Alfred Gordon Gaydon (26 September 1911 – 16 April 2004) was a leading spectroscopist and combustion scientist.

He was brought up at Surbiton, Surrey, where he attended Kingston Grammar School. There he became a keen oarsman, later rowing for
Imperial College, London, and Kingston Rowing Club. In 1929 he graduated in Physics from the Royal College of Science (now Imperial College) and, after a period of post graduate study there accepted a post at the Shirley Institute of the Cotton Research Association near Manchester.

He was responsible for developing the shock tube as a means to study flames and combustion, and was elected a fellow of the Royal Society of London in 1953 and in 1960 awarded their Rumford Medal.

He is perhaps best known, however, for his ability to see ultraviolet light. In 1936, while he was working at the Shirley Institute, a laboratory explosion damaged his eye, which was later removed. His remaining eye, which had the lens removed was blind.
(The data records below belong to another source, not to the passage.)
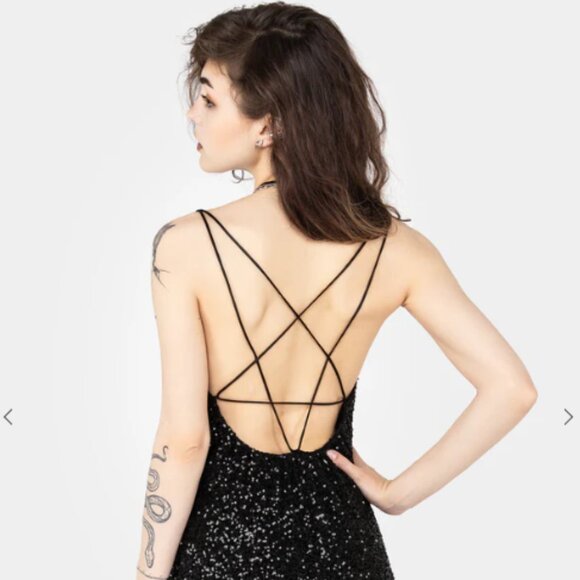 DISTURBIA Kikamora strappy sequin mini dress - Picture 2 of 10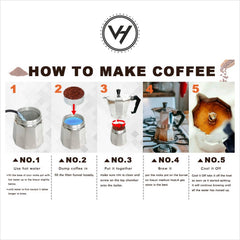 6-Cup Stovetop Moka Pot Espresso Maker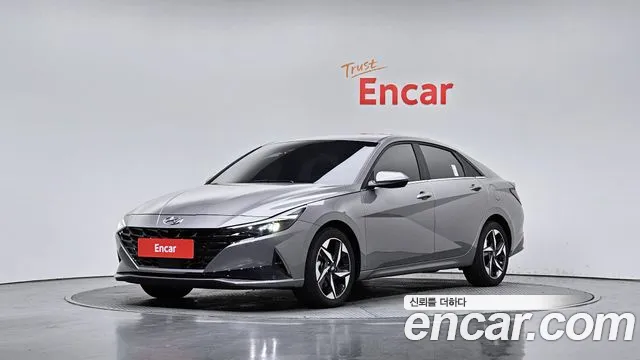 Hyundai Avante (CN7) 2022 Серый из Кореи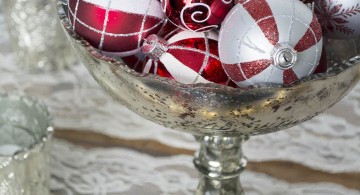 bowl centerpiece ideas with chalice and christmas decoration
But slowly, he began to regain sight and discovered that he could now see ultraviolet, although he perceived the colour as blue.

In 1936 he returned to Imperial College and later held the Warren Fellowship of the Royal Society and, from 1961, the Chair of Molecular Spectroscopy in the Department of Chemical Engineering and Chemical Technology .

He died in 2004. He had married Phillis Gaze in 1940.

==Books==
- A.G. Gaydon (1974). "The Spectroscopy of Flames"
- A.G. Gaydon (1979). "Flames, Their Structure, Radiation, and Temperature"
- A.G. Gaydon, I.R. Hurle (1963). "The Shock Tube In High Temperature Chemical Physics"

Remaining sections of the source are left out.